[Start of Attachment]

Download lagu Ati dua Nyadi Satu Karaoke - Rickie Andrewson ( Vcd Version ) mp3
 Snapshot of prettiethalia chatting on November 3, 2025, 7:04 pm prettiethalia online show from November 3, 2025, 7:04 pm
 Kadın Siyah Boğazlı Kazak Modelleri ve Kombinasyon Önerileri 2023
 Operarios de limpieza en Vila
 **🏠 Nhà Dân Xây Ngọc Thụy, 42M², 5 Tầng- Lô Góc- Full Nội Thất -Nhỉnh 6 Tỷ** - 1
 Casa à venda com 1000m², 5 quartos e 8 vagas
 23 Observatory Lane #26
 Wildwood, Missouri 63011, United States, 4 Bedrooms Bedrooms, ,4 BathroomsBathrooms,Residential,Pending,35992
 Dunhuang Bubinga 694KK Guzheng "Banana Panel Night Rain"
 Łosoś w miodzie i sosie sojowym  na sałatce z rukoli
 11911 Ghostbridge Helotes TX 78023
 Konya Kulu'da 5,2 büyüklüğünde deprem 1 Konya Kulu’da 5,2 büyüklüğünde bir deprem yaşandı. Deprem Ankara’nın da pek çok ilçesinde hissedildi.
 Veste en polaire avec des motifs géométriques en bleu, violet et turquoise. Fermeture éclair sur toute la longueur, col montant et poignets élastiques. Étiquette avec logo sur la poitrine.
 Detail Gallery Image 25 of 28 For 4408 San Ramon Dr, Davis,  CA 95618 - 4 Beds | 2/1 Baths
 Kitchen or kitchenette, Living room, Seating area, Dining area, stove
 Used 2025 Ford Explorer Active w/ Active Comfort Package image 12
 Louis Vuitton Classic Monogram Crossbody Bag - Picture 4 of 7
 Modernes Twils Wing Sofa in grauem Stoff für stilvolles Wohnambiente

[End of Attachment]

TASK GOAL => Would you print exactly and only the lines of the material above that run from the line with "Operarios de limpieza en Vila" through the line with "Łosoś w miodzie", both included?

EXERCISE RESPONSE =>
 Operarios de limpieza en Vila
 **🏠 Nhà Dân Xây Ngọc Thụy, 42M², 5 Tầng- Lô Góc- Full Nội Thất -Nhỉnh 6 Tỷ** - 1
 Casa à venda com 1000m², 5 quartos e 8 vagas
 23 Observatory Lane #26
 Wildwood, Missouri 63011, United States, 4 Bedrooms Bedrooms, ,4 BathroomsBathrooms,Residential,Pending,35992
 Dunhuang Bubinga 694KK Guzheng "Banana Panel Night Rain"
 Łosoś w miodzie i sosie sojowym  na sałatce z rukoli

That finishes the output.